The equation \(y = (x \tan \alpha) - (\text{constant}) x^2\) shows that the trajectory of a projectile is always a parabola (a quadratic shape).
You might need to use this derived equation if the problem involves finding:
- Whether the particle hits a target at position \((x, y)\).
- The angle \(\alpha\) or initial velocity \(V\) required to pass through a specific point.
Analogy: Imagine throwing a basketball. The trajectory equation is like a detailed map of the path the ball takes, while the Time of Flight and Range are just specific points on that map.
Section 5: Advanced Projectile Problems
5.1 Finding Velocity at any Time
To find the velocity \(\mathbf{v}\) at any time \(t\), you need to calculate both the horizontal and vertical velocity components.

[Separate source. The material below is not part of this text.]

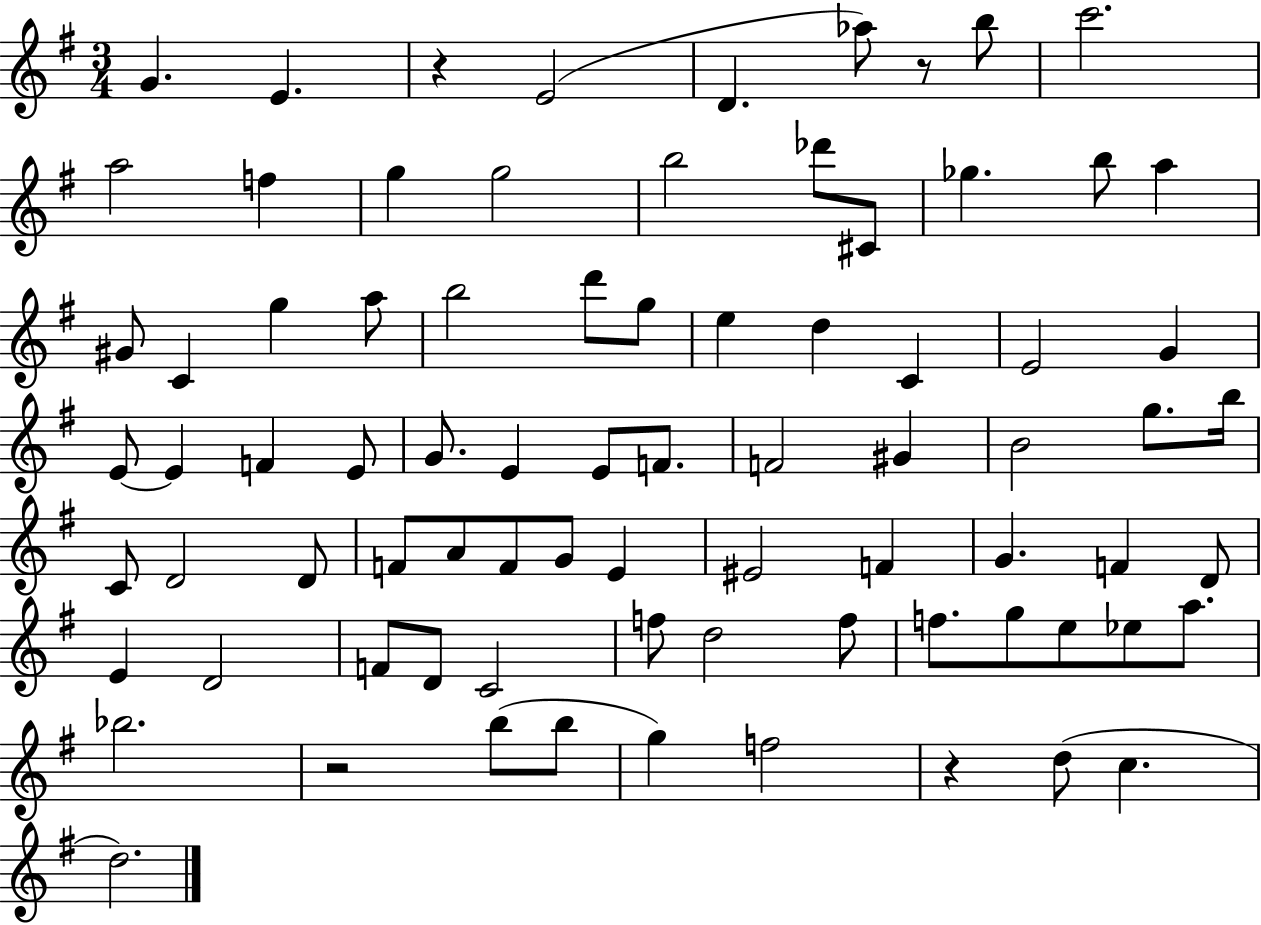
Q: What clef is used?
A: treble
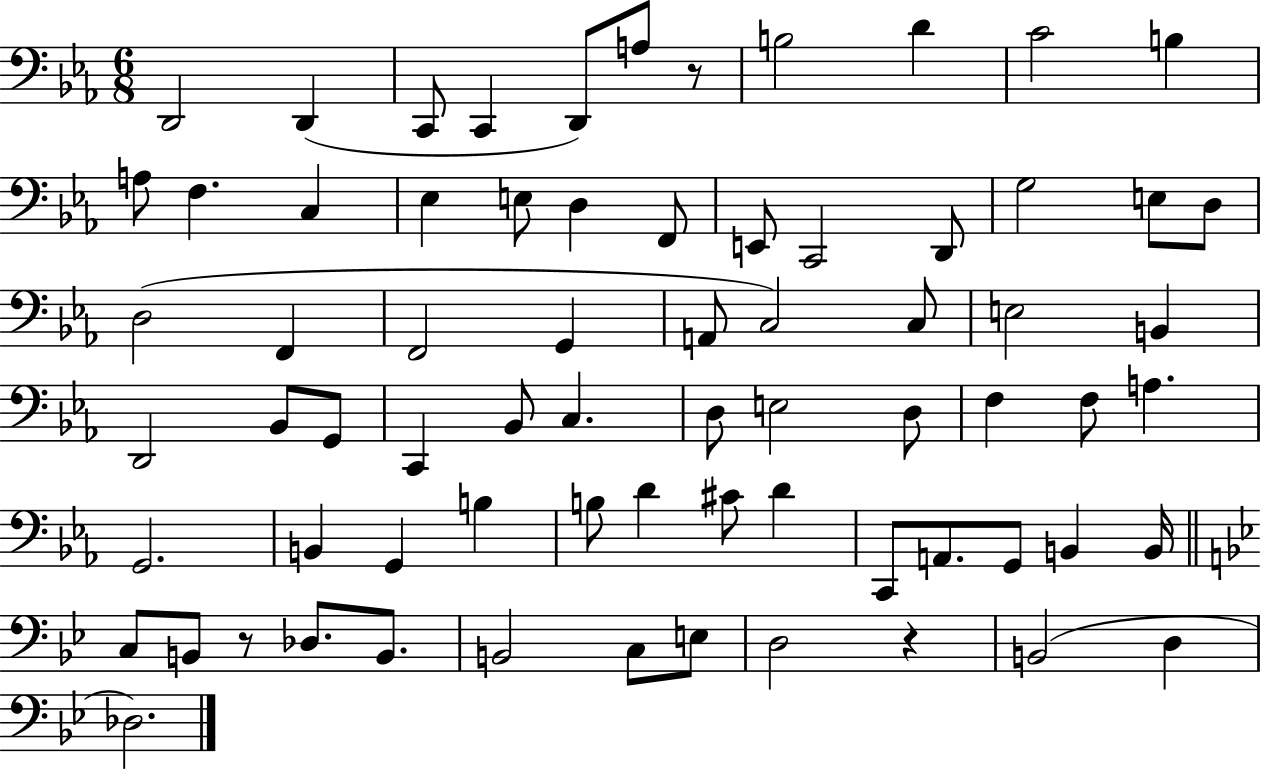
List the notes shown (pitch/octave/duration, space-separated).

D2/h D2/q C2/e C2/q D2/e A3/e R/e B3/h D4/q C4/h B3/q A3/e F3/q. C3/q Eb3/q E3/e D3/q F2/e E2/e C2/h D2/e G3/h E3/e D3/e D3/h F2/q F2/h G2/q A2/e C3/h C3/e E3/h B2/q D2/h Bb2/e G2/e C2/q Bb2/e C3/q. D3/e E3/h D3/e F3/q F3/e A3/q. G2/h. B2/q G2/q B3/q B3/e D4/q C#4/e D4/q C2/e A2/e. G2/e B2/q B2/s C3/e B2/e R/e Db3/e. B2/e. B2/h C3/e E3/e D3/h R/q B2/h D3/q Db3/h.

- Horizontal Velocity (\(v_x\)): Since \(a_x = 0\), this is always constant:
$$v_x = V \cos \alpha$$ - Vertical Velocity (\(v_y\)): Use \(v = u + at\):
$$v_y = V \sin \alpha - g t$$
The resultant speed \(|\mathbf{v}|\) is found using Pythagoras:
$$|\mathbf{v}| = \sqrt{v_x^2 + v_y^2}$$
The direction \(\beta\) (angle with the horizontal) is found using trigonometry:
$$\tan \beta = \frac{|v_y|}{|v_x|}$$
5.2 Solving Non-Standard Problems
Some problems involve starting from a height (e.g., throwing a ball off a cliff).
For a struggling student, always go back to the basic definitions:
- Resolve V: Find \(u_x\) and \(u_y\).
- Define the Origin: Usually the point of launch \((0, 0)\).
- Set up Y: If the particle lands below the origin, its final vertical displacement \(y\) will be negative. This is the key difference!
- Use Time: Solve the vertical equation for time \(t\), and then substitute that time into the horizontal equation \(x = (V \cos \alpha) t\).
Memory Aid: SUVAT Check
When you are solving a tricky problem, mentally checklist your SUVAT inputs for the vertical direction:
U (Initial Velocity): \(V \sin \alpha\)
V (Final Velocity): Use only if known (e.g., \(v_y=0\) at peak).
A (Acceleration): \(-g\) (if upward is positive)
T (Time): The link!
Key Takeaway: All projectile problems, no matter how complex, boil down to correctly applying constant acceleration principles separately to the horizontal and vertical directions. Time is the bridge!